After graduating from Covell in 1973, I married Dale Young. We moved to Houston, where I worked for three years for Amigos de las Americas, traveling throughout Latin America. I left Amigos in 1976 and went to graduate school in public health at the University of Texas Health Science Center in Houston, receiving my Master of Public Health (MPH) in 1979 (I was a little slow because I liked school too much.). We moved back to California in 1979 and I went to work as at the Electric Power Research Institute in Palo Alto. I was with EPRI for 13 and a half years. For the bulk of that time, I was involved in managing epidemiologic and toxicological research on the health and biological effects of electric and magnetic fields from power lines.

Dale and I divorced in 1993 and I moved to the Atlanta area. I worked with decidedly mixed success as a freelance scientific writer and editor for three years, until circumstances forced me to get a real job with my current employer, Battelle Memorial Institute. For three years I was a contract Battelle on site at the Centers for Disease Control and Prevention (CDC).
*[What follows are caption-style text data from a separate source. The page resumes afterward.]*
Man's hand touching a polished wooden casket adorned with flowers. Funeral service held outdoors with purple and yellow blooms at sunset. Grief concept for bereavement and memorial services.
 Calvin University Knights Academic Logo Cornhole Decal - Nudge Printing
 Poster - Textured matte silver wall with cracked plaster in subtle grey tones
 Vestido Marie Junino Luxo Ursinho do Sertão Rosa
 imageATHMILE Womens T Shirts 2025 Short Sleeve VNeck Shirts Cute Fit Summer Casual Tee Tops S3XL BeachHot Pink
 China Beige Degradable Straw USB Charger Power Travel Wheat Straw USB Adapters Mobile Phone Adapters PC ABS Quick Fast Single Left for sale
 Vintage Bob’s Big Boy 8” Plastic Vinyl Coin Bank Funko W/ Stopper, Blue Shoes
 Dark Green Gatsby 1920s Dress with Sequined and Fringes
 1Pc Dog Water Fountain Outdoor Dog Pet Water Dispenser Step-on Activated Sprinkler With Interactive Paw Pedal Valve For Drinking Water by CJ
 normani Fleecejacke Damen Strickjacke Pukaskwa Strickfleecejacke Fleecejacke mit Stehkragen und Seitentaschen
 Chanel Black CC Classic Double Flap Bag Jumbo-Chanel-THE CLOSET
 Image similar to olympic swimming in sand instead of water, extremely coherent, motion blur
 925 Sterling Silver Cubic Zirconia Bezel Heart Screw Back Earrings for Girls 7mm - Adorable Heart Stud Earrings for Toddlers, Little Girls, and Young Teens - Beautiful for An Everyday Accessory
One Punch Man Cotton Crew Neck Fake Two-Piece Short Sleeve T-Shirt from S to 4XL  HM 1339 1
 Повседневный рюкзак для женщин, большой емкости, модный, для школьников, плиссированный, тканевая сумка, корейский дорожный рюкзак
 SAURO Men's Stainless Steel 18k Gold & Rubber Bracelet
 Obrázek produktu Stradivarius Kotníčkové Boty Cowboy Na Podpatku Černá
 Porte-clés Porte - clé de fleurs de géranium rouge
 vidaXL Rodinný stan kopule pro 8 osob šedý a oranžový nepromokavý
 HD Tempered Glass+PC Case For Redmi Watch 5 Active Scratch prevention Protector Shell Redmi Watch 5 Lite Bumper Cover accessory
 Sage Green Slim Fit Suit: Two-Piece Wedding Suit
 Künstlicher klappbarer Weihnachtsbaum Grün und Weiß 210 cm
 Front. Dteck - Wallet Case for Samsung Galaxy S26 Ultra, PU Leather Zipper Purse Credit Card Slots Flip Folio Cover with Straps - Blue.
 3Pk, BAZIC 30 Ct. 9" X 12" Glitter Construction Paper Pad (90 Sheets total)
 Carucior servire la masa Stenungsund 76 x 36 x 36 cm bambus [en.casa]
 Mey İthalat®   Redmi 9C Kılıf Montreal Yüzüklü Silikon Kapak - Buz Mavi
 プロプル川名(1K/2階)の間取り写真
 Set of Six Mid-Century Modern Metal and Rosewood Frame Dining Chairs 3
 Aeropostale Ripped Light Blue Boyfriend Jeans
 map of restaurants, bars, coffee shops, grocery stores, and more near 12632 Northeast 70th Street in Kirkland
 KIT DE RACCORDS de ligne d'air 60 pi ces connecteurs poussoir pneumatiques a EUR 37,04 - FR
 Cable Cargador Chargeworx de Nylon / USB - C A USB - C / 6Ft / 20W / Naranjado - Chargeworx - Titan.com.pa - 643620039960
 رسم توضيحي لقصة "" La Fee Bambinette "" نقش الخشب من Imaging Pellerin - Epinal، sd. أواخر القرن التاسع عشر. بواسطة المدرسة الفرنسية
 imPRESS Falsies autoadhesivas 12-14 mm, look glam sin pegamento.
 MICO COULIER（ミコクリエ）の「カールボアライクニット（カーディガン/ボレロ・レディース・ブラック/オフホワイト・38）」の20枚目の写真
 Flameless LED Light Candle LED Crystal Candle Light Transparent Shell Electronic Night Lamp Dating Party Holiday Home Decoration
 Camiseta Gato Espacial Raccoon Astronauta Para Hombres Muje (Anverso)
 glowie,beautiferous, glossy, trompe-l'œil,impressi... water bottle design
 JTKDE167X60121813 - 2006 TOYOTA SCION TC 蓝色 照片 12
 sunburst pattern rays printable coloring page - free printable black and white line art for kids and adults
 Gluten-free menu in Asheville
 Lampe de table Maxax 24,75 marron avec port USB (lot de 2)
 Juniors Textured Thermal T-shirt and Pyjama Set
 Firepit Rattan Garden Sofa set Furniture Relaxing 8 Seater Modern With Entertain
I worked as an editor for CDC’s public health bulletin, Morbidity and Mortality Weekly Report. (Pretty clear why everybody calls it the MMWR, no?) I moved into Battelle’s Atlanta office in 1996 and have worked on a lot of different things for CDC and the National Institutes of Health since then.

After moving to Atlanta, I married Dr. Michele Lynberg and acquired two instant kids and a dog. Michele is now a senior epidemiologist at CDC’s National Center for Injury Prevention and Control, where she works on prevention of intimate partner violence. The kids are now pretty much grown up. Shannon, 25, is the National Director of the Younger Women’s Task Force, a project of the National Council of Women’s Organizations in Washington, DC. She also runs a blog that aims to expose and street harassment of women in DC: http://hollabackdc.wordpress.com/ . Craig, 20, is about to be a junior at Kennesaw State University, outside Atlanta. He’s studying International Business and Chinese. Michele and I now spend a lot of our time at our mountain house in western North Carolina. Y’all come visit.

Although I certainly used every bit of what I learned at Covell in my first real job, I haven’t been directly involved with things Latin American since. Nonetheless, I’d say Covell taught me how to learn. The seminal event, I’d say, was nearly flunking economics in my freshman year. I got a “D” on the midterm. In desperation, I checked out an English version of Paul Samuelson’s introductory textbook from the library. It was then I discovered that I was not actually stupid. Todo lo contrario—el texto que usabamos en la clase era una “traduccion” de Samuelson que la habian cometido unos academicos espanoles, pero que traduccion! La prosa lucida de Samuelson la habian covertido en una selva impenetrable de clausulas dependientes y terminologia oscura. (Aparentemente, el retraso economico de Espana a mediados del siglo pasado se debia no solo al Franquismo, sino tambien a una falta nacional de talentos linguisticos.) So I studied Samuelson in English, then reread the “translation” and aced the final. This has been a recurrent pattern—dive into a new area, flail around, fail or nearly so, figure it out. Hecho la culpa por este comportamiento adictivo a la formacion academica que recibi en Covell. What can I say—it’s been the most fun you can have with your clothes on.